Thank you for all of your responses.
NickE, they probably use a heat pipe which is a tube closed at both ends partially filled with freon. One end is exposed to heat and the other exposed to cold. The cold end must be physically higher. Freon evaporates from the hot end, absorbing heat, and condenses on the cold end, rejecting heat. The condensed freon returns by gravity to the hot end. This will continue at some rate until there is temperature equilibrium. Sunfrost used to offer a feature like this. Check it out:
If I might be allowed to think out loud, the "at some rate" part is the catch. The rate is determined by the hot and cold side surface area, heat transfer coefficient and overall temperature difference. For a small size like a freezer, a practically sized unit can do the job, but for 100 tons of industrial refrigeration, a heat tube would be enomormous! You can get and assist by putting fins our your cold end, and a fan, which would be an aircooled exchanger. Add a compressor to increase the condensation temperature and you have a refrigeration system.
We now use a closed circuit Baltimore Air Cooler tower to condense ammonia (our refrigerant). In the winter, the water temperature never goes below 70F, that is, the cooling is evaporative even in winter.

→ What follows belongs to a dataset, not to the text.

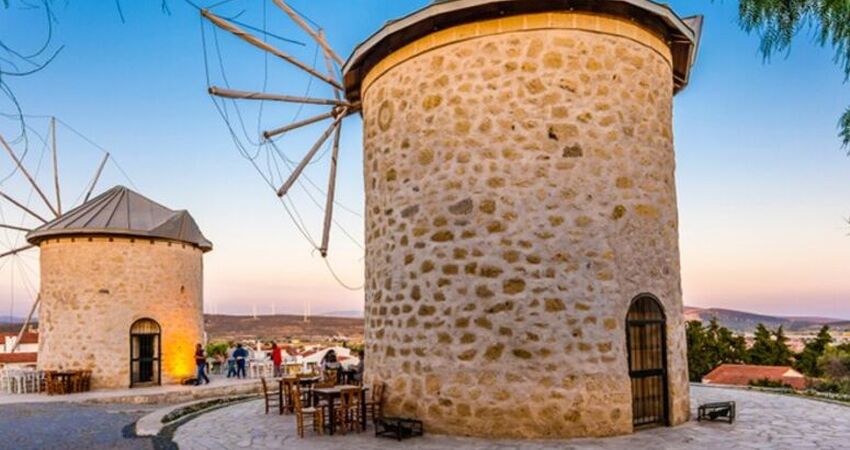Doğu Karadeniz Yaylalar ve Maçahel Turu 5 Gece 6 Gün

If we susbstituted the tower with aircooled exchanger, which uses convective cooling, then we would get the maximum benefit from cold weather, but would probably still need the "assist" from the compressors (although they would not work as hard). However, aircooled exchangers are more $$$ per unit of heat transferred. My guess is that is all comes down to economics. Someone has certainly done this anaylsis, but in light of renewed conservation and green efforts, it may be worth a second look. Hope that wasn't too pedantic!